→ Data extracts:
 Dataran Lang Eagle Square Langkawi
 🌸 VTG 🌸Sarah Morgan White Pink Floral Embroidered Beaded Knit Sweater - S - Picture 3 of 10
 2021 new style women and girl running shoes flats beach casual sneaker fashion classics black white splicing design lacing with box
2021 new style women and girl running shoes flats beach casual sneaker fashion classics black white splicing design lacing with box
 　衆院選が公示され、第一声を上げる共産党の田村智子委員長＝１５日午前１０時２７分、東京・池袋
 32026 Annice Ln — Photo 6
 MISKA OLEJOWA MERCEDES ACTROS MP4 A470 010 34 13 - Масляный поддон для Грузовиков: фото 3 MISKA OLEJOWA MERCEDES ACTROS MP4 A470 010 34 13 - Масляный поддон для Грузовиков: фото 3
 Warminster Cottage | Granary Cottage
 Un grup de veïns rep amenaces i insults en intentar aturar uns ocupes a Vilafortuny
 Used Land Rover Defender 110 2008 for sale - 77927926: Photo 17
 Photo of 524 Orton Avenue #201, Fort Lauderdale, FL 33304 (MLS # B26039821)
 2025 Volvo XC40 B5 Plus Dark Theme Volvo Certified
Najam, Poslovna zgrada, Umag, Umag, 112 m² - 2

→ Work instruction: Exactly the lines from the line holding "Used Land Rover" through the close of the listing above make up the answer; include nothing else.

→ Exercise result:
 Used Land Rover Defender 110 2008 for sale - 77927926: Photo 17
 Photo of 524 Orton Avenue #201, Fort Lauderdale, FL 33304 (MLS # B26039821)
 2025 Volvo XC40 B5 Plus Dark Theme Volvo Certified
Najam, Poslovna zgrada, Umag, Umag, 112 m² - 2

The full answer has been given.